Adopted in 2002, the ICC as part of the Rome Statute was designed to complement national judicial systems in 123 countries in prosecuting war crimes and crimes against humanity. Since its inception, the ICC has issued more than two dozen warrants of arrest, nine summons to appear before the courts, and 39 indictments — all in African countries.

“The ICC seems to have been put in place only for African countries,” said Rwandan President Paul Kagame, who went on to accuse the ICC of abusing international law to keep African countries in line.

“For many,” said Clarke, “the ICC has come to embody the idea that colonialism still exists now in a new form.”

“We should not be guided by the words of a few influential individuals whose sole aim is to evade justice,” said Fatou Bensouda, lead prosecutor for ICC, “but rather we should focus on and listen to the millions who continue to suffer from massive crimes.”

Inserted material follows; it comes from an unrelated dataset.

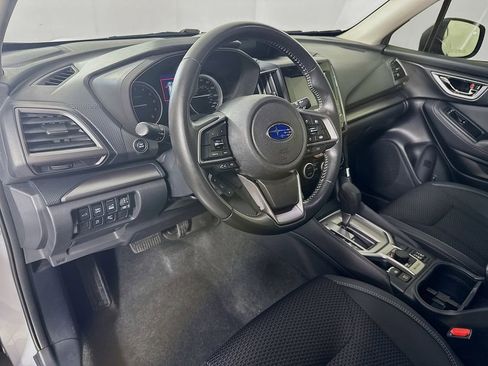 Used 2024 Subaru Forester Premium AWD/4WD image 9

Clarke called this as an example of “sentimental legalism,” where a narrative is constructed that “invokes a mission of protecting victims against powerful perpetrators.”

Bronwyn Leebaw, associate professor of Political Science at the University of California, Riverside, was one of three experts who joined Clarke at her symposium. She indicated the ICC’s double standard became clear in the early 2000s when the Bush Administration started what it called a “preventative wars” in Afghanistan and Iraq.

As another panelist, Siba Grovogui, a Cornell University professor of International Relations and Political Thought, put it: “Russia and China: they can do no wrong.”

Clarke was also joined by the co-director of the Centre for Critical International Law at Kent Law School, Sara Kendall, and the four discussed the pan-African pushback to the ICC as a new way to interpret international law systems.

The FPA Research Excellence Awards recognize excellence and leadership in research by a faculty member or research team with a symposium or lecture funded by the Office of the Dean.